What this task involves
When you repeat the material, keep each line exact and omit the pictures.

Data segment

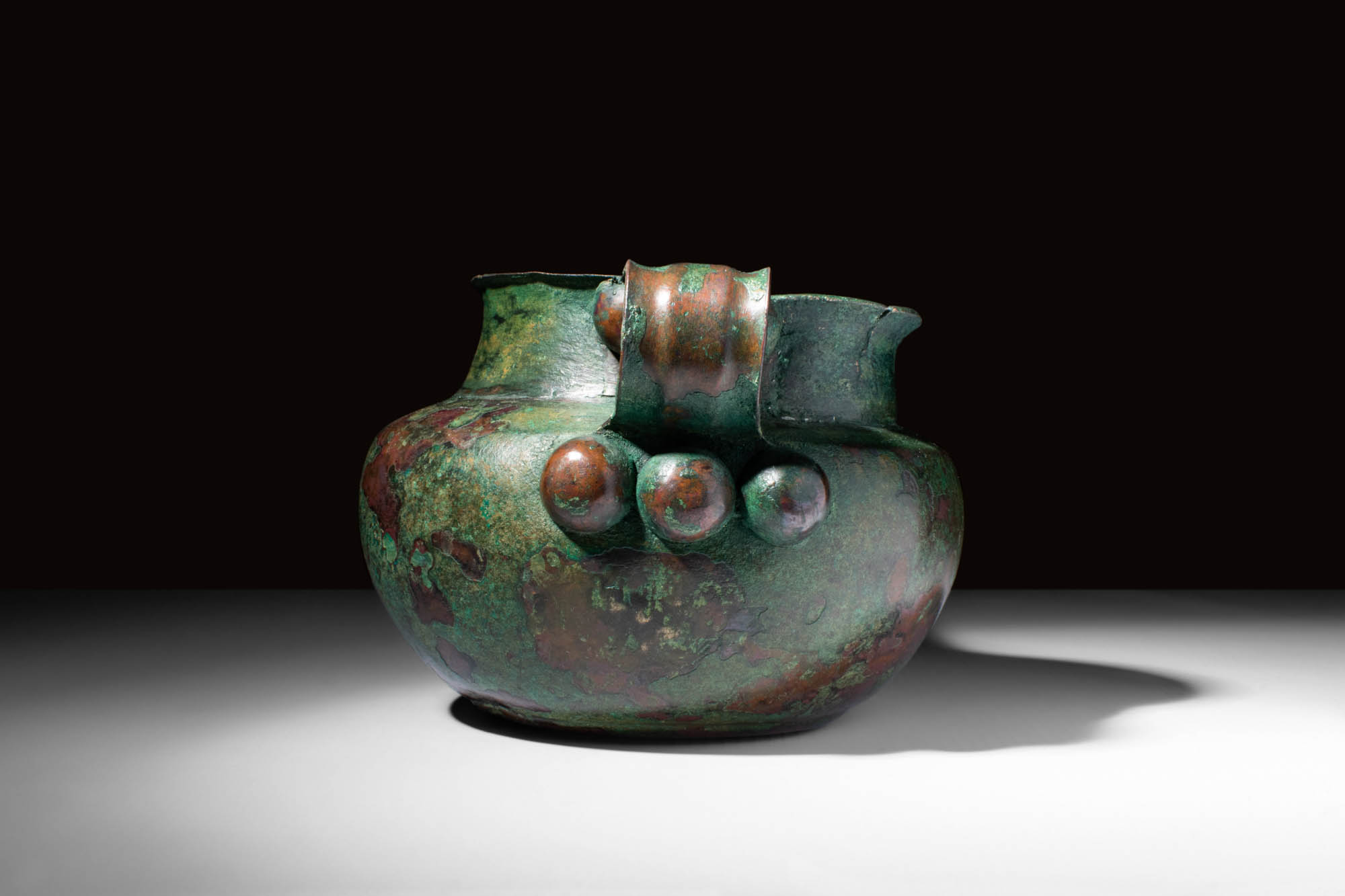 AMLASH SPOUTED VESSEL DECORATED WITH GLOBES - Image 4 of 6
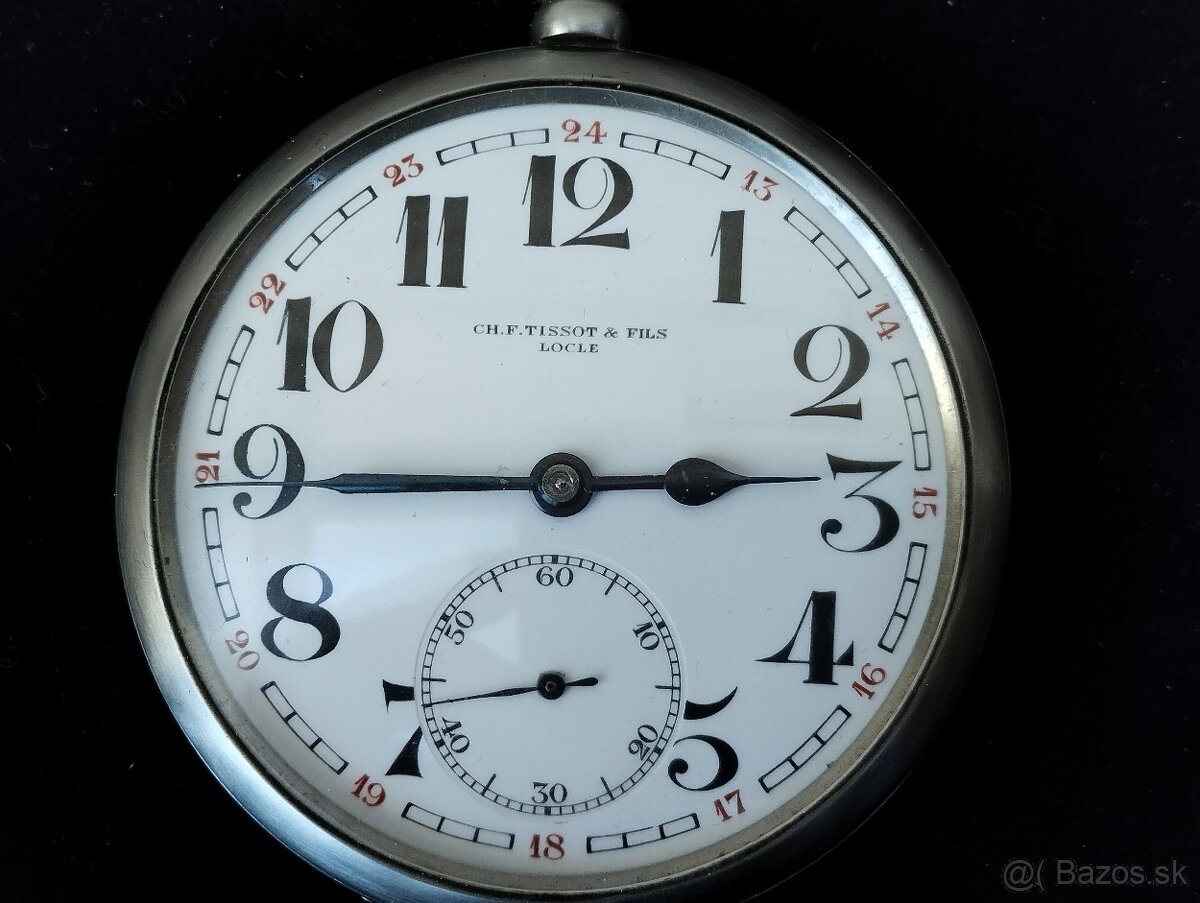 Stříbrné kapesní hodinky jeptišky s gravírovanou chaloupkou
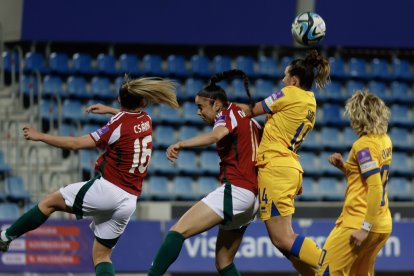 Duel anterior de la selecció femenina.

Response
 AMLASH SPOUTED VESSEL DECORATED WITH GLOBES - Image 4 of 6
 Stříbrné kapesní hodinky jeptišky s gravírovanou chaloupkou
 Duel anterior de la selecció femenina.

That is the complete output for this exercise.